> _Exercise directions_
Check each line below for the word "https", and copy those that have it.

> _Record excerpts_

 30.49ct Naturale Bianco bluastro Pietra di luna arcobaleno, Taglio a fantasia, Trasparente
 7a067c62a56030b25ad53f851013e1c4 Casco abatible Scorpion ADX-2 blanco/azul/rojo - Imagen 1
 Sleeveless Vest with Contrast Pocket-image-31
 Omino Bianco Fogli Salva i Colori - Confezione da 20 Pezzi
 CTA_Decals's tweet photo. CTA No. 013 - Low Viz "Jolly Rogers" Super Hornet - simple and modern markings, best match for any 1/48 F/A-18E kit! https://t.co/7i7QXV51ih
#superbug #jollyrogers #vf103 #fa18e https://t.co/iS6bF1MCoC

* * *

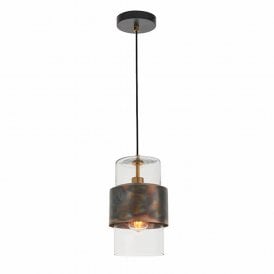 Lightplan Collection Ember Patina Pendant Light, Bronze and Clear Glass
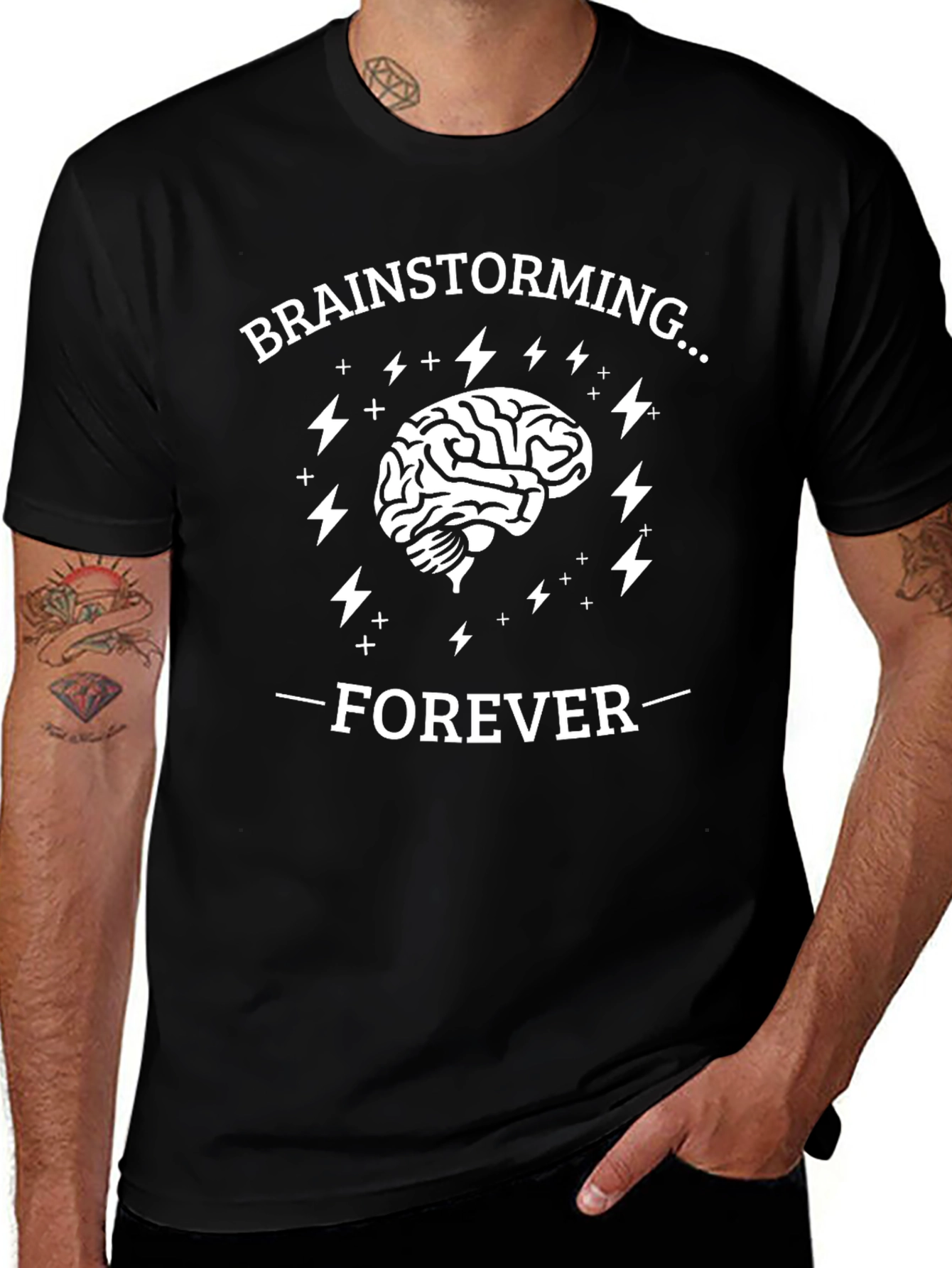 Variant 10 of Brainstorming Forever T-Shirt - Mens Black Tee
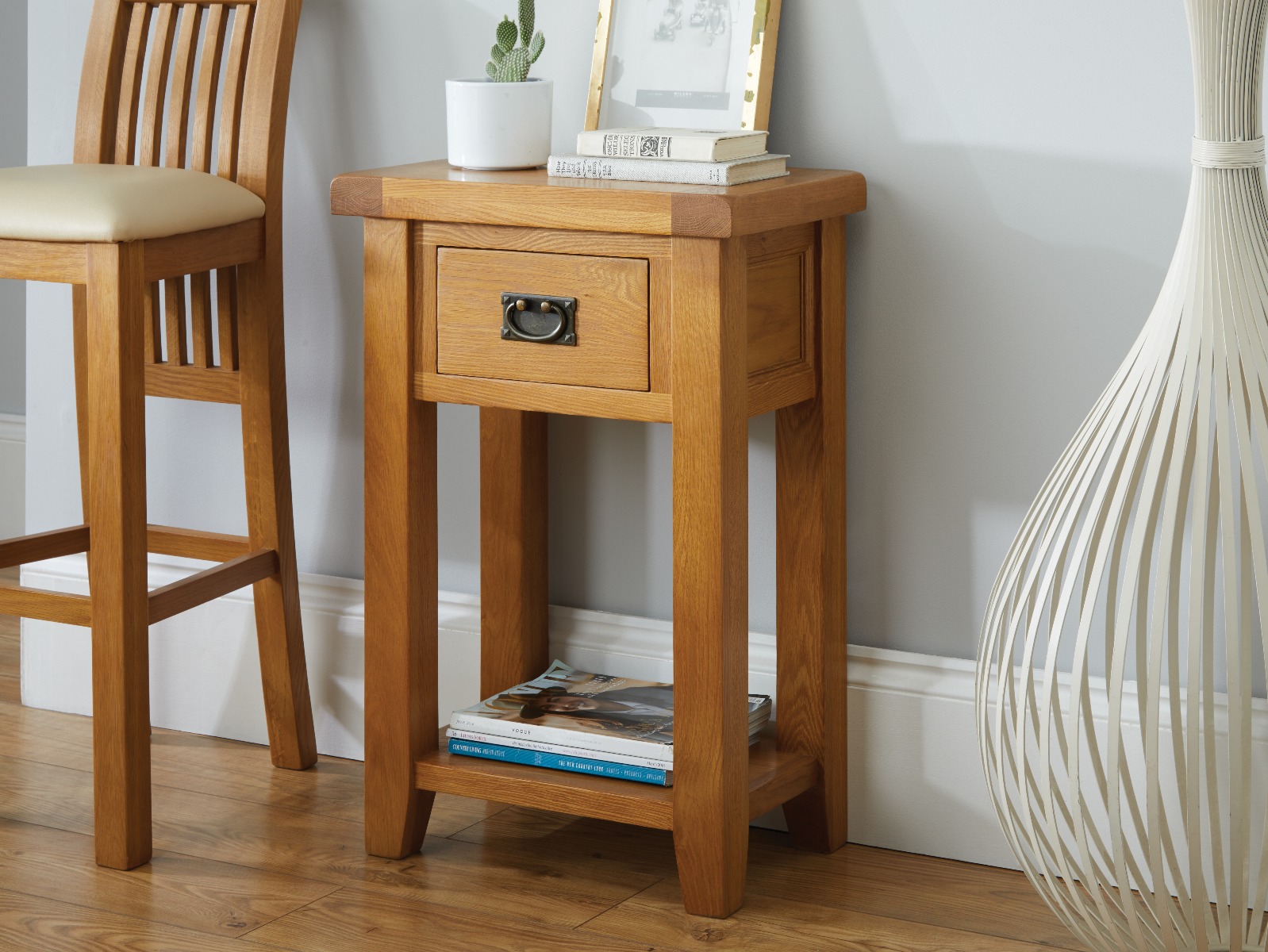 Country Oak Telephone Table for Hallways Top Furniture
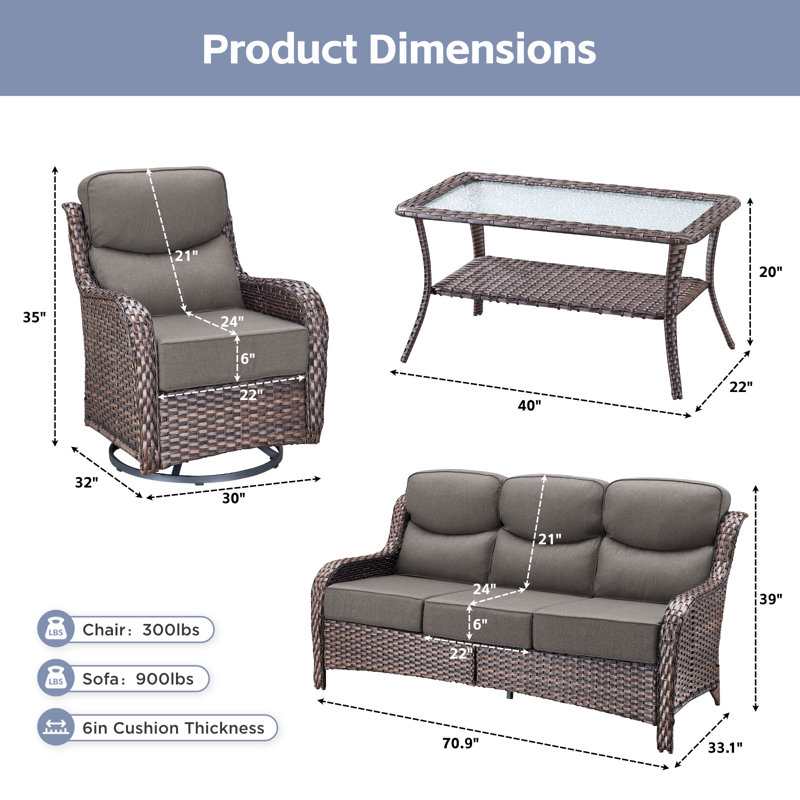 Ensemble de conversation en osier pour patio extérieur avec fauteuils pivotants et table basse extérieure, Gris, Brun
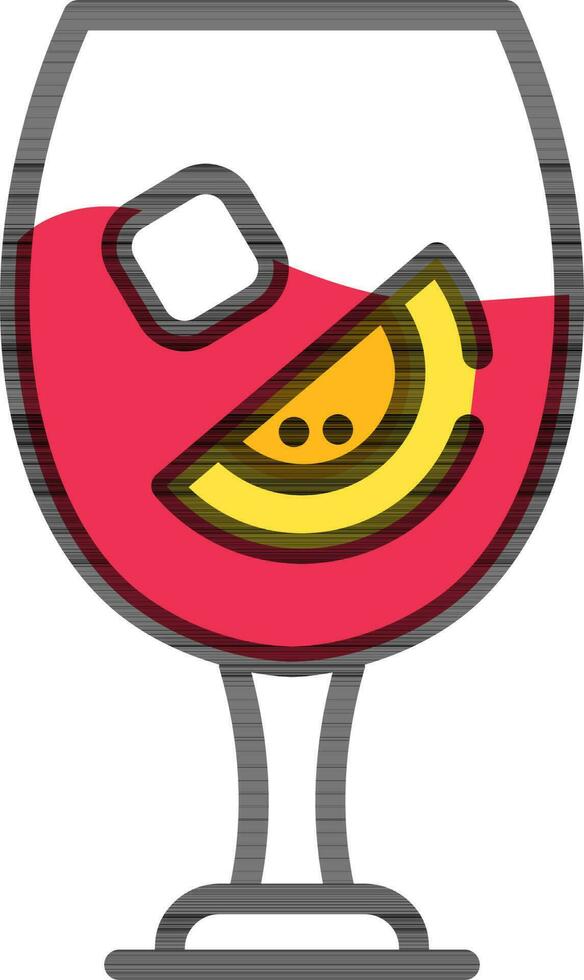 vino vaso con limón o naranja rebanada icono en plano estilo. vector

* * *

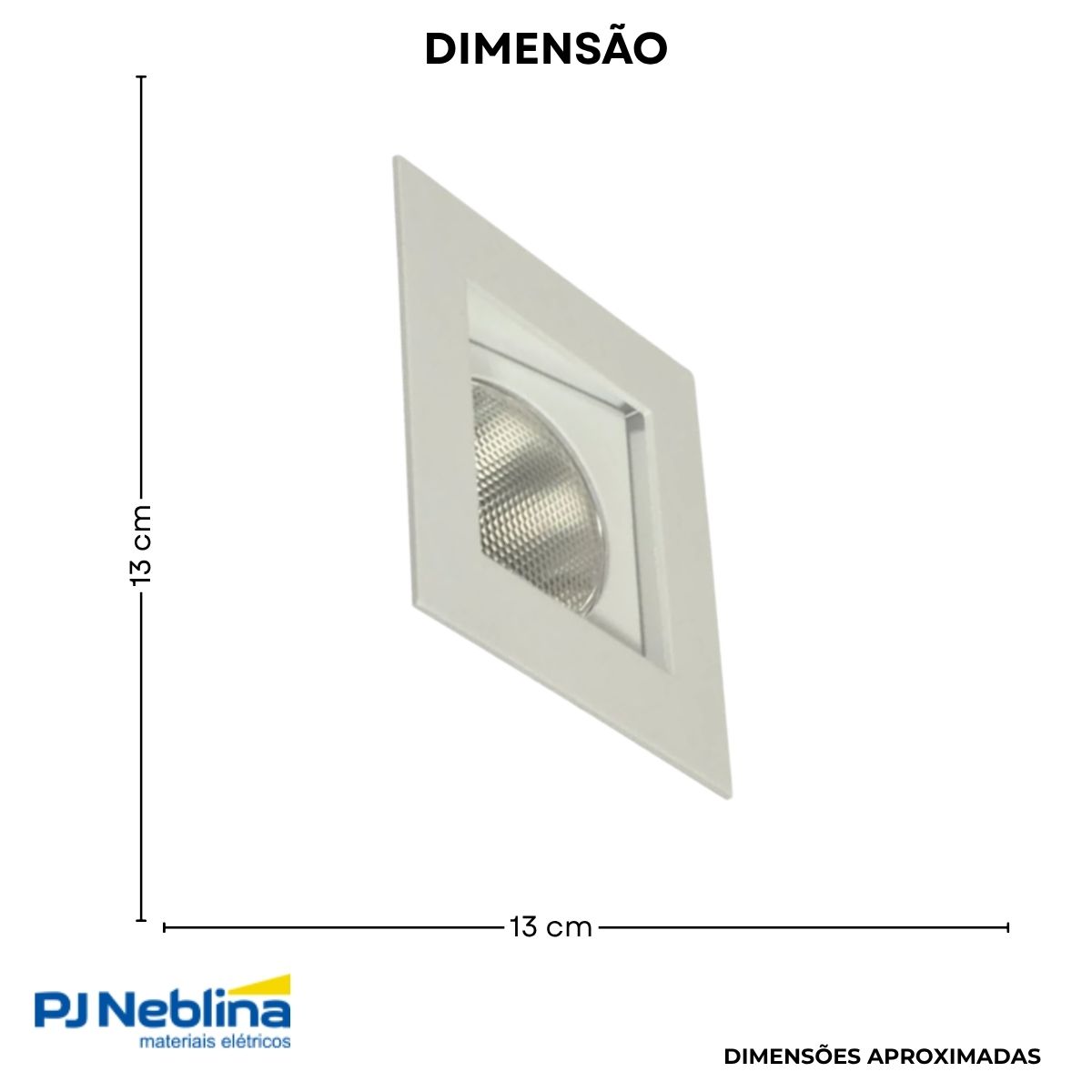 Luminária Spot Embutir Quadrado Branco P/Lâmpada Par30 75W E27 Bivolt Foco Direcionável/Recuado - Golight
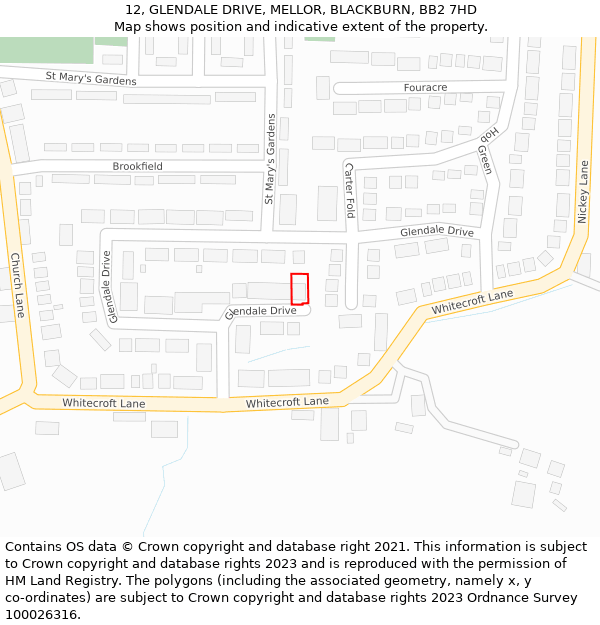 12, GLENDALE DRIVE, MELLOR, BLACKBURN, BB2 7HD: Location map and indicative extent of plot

> _Response below_
 CTA_Decals's tweet photo. CTA No. 013 - Low Viz "Jolly Rogers" Super Hornet - simple and modern markings, best match for any 1/48 F/A-18E kit! https://t.co/7i7QXV51ih
#superbug #jollyrogers #vf103 #fa18e https://t.co/iS6bF1MCoC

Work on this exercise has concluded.